Your answer must be an exact copy of the lines from the one containing "Innovative project located" through the last line of the records below, with no pictures; please include nothing else.
*-*-*
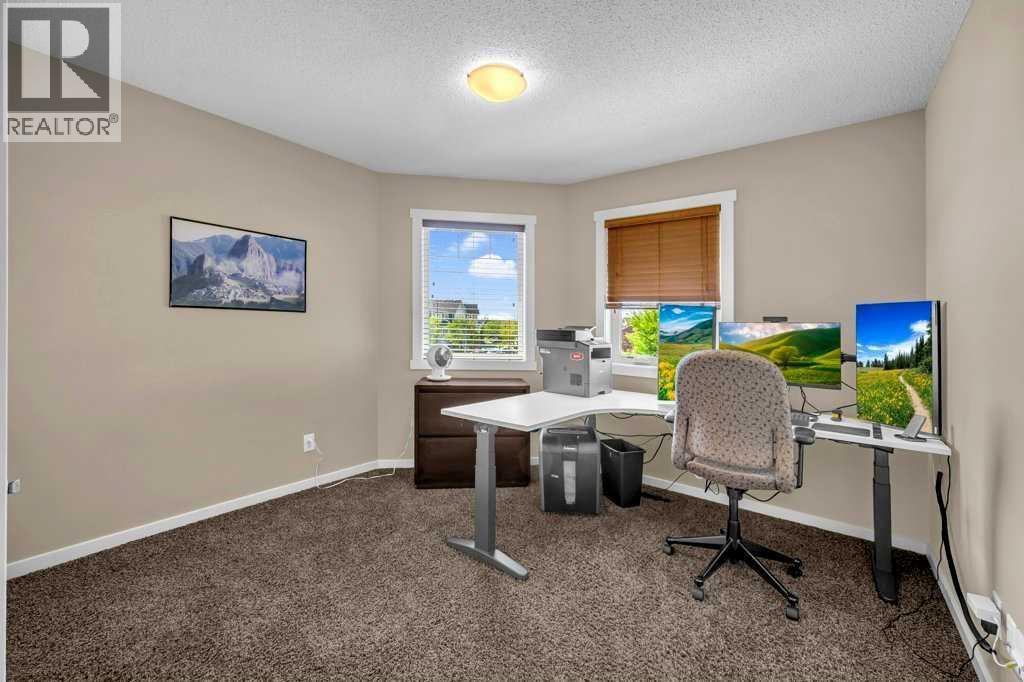 1186 Kings Heights Way Se, Airdrie, Alberta  T4A 0S4 - Photo 32 - A2253628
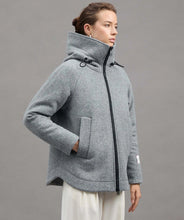 Cargue la imagen en el visor de la Galería,Abrigo Corto Peuterey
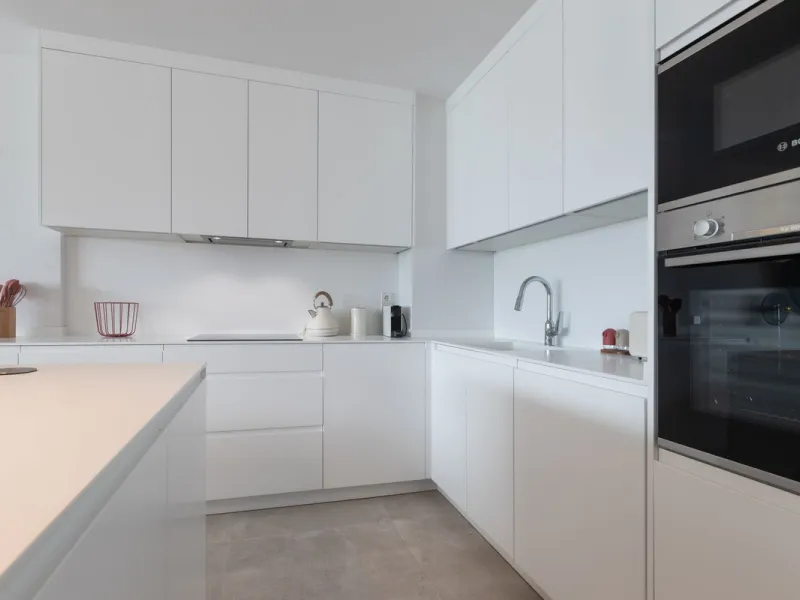 Innovative project located in Mijas de Costa in Malaga, famous for its golf courses. EDEN is an excellent development that combines the vision of a modern residential area and nature in one. The architecture is perfectly integrated into the landscape than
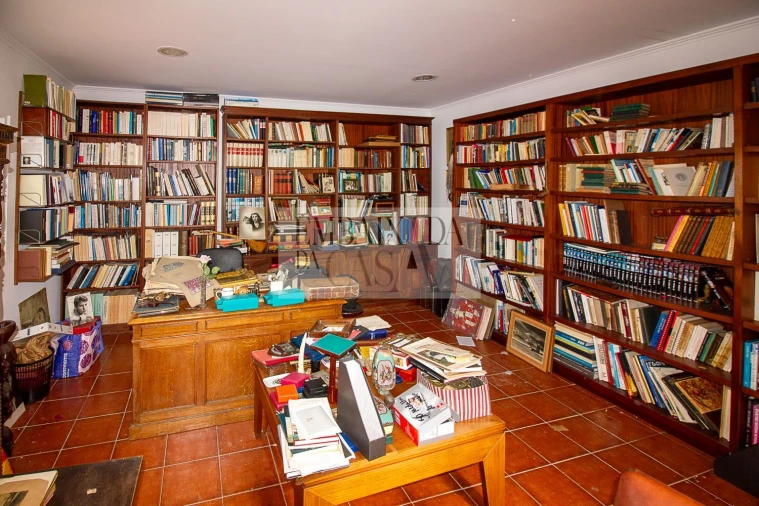 Moradia T6 para Venda em Caparica e Trafaria Foto 42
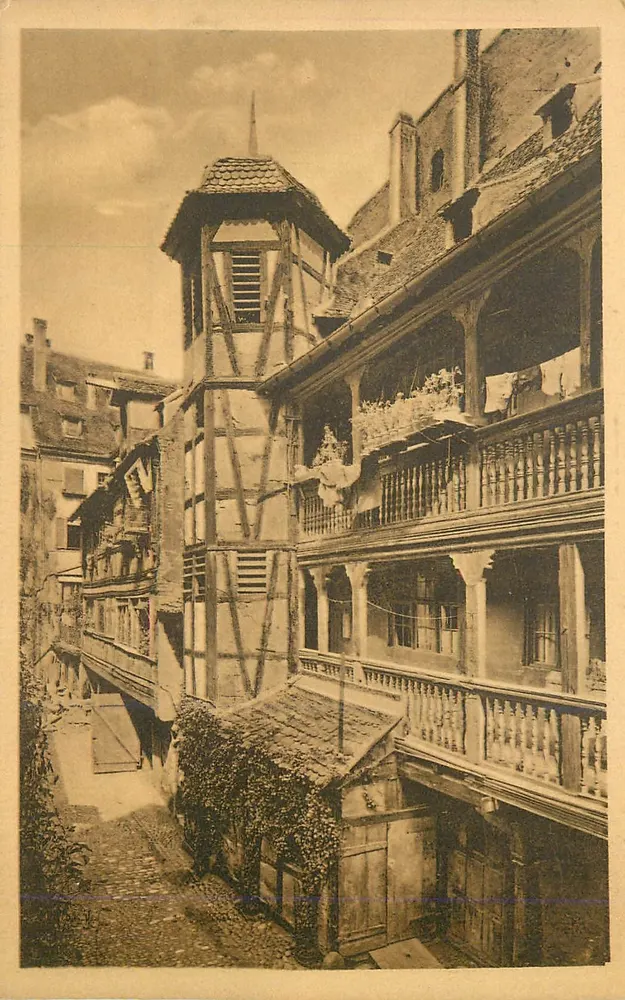 Cour du Corbeau — Strasbourg — Kunstverlag E. Haittmann, Strasbourg - Frente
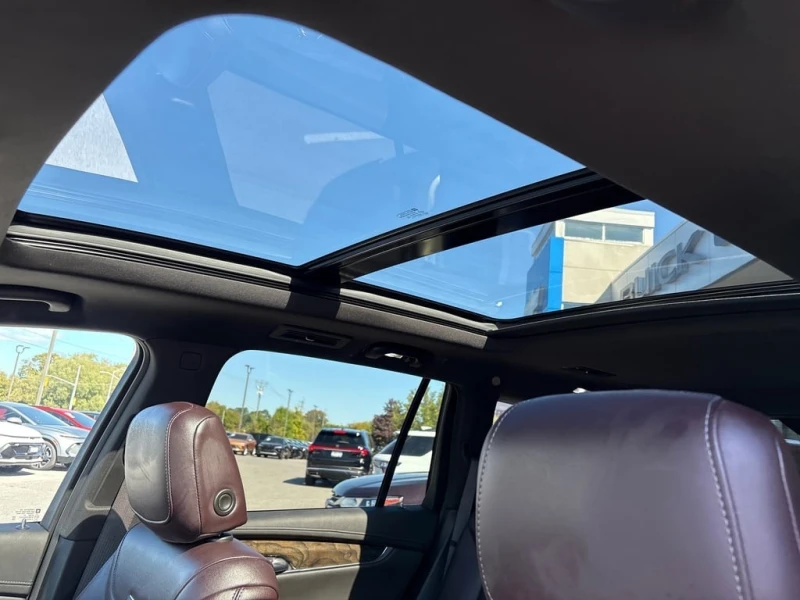 Cadillac XT6 * Premium Luxury AWD + 7 Pass + Sunroof + 1 Owner , снимка 15 - Автомобили и джипове - 53024107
*-*-*
WRITTEN REPLY.
 Innovative project located in Mijas de Costa in Malaga, famous for its golf courses. EDEN is an excellent development that combines the vision of a modern residential area and nature in one. The architecture is perfectly integrated into the landscape than
 Moradia T6 para Venda em Caparica e Trafaria Foto 42
 Cour du Corbeau — Strasbourg — Kunstverlag E. Haittmann, Strasbourg - Frente
 Cadillac XT6 * Premium Luxury AWD + 7 Pass + Sunroof + 1 Owner , снимка 15 - Автомобили и джипове - 53024107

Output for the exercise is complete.